▶ _SUPPLIED DATA_:
----------------------------------------

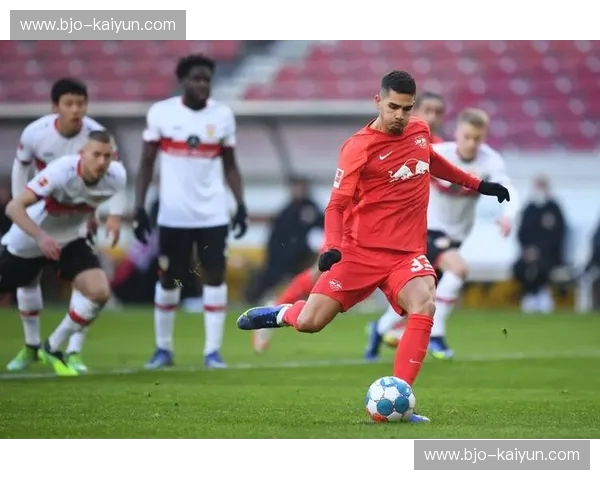 绿茵场上的风暴：莱比锡红牛vs拜仁慕尼黑精彩集锦，一场火星撞地球的史诗对决！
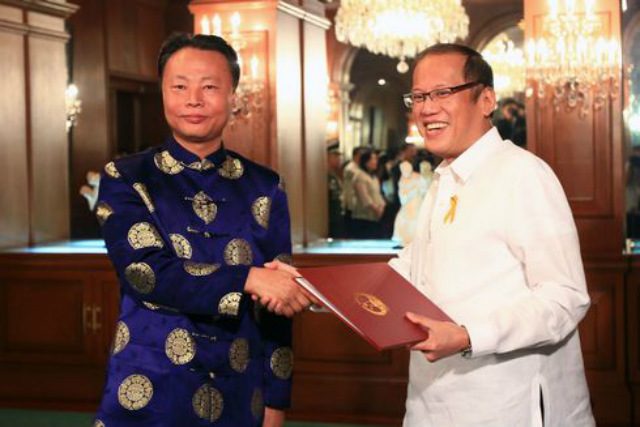 China on talks with PH: No need to drop case
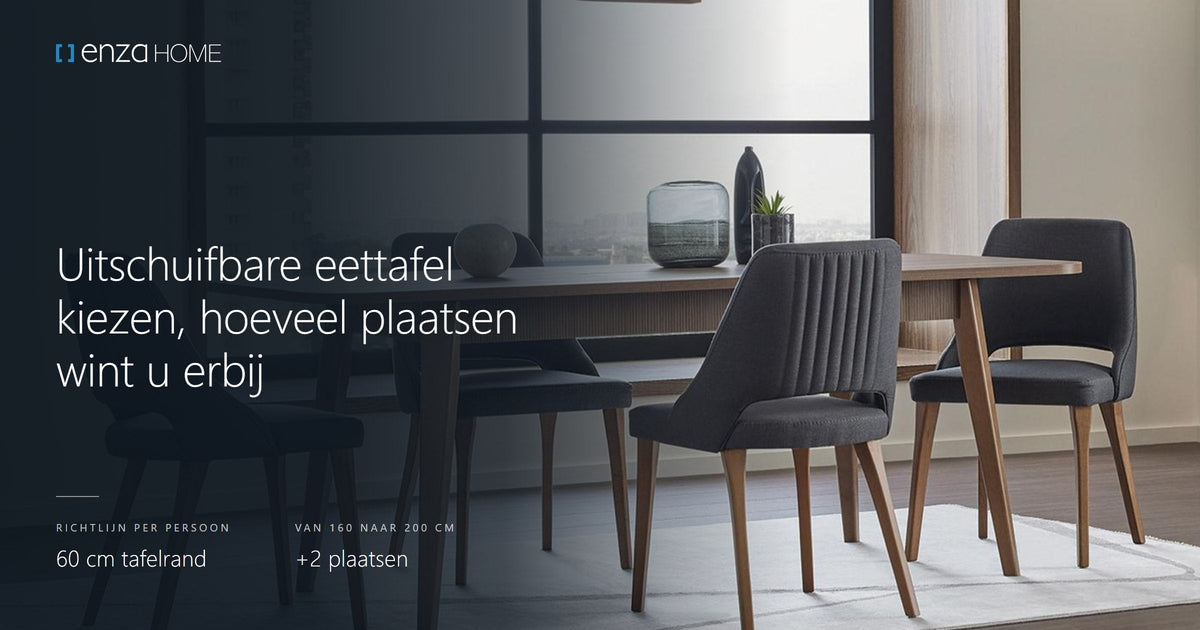 Uitschuifbare eettafel in walnoot met donkergrijze eetkamerstoelen voor een raam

----------------------------------------

▶ _WORK TO BE COMPLETED_: Give back word for word the lines from the one containing "China on talks with PH: No need to drop case" through the final line of the data above. Pictures are to be left out.

▶ _SOLUTION TO THIS EXERCISE_:
 China on talks with PH: No need to drop case
 Uitschuifbare eettafel in walnoot met donkergrijze eetkamerstoelen voor een raam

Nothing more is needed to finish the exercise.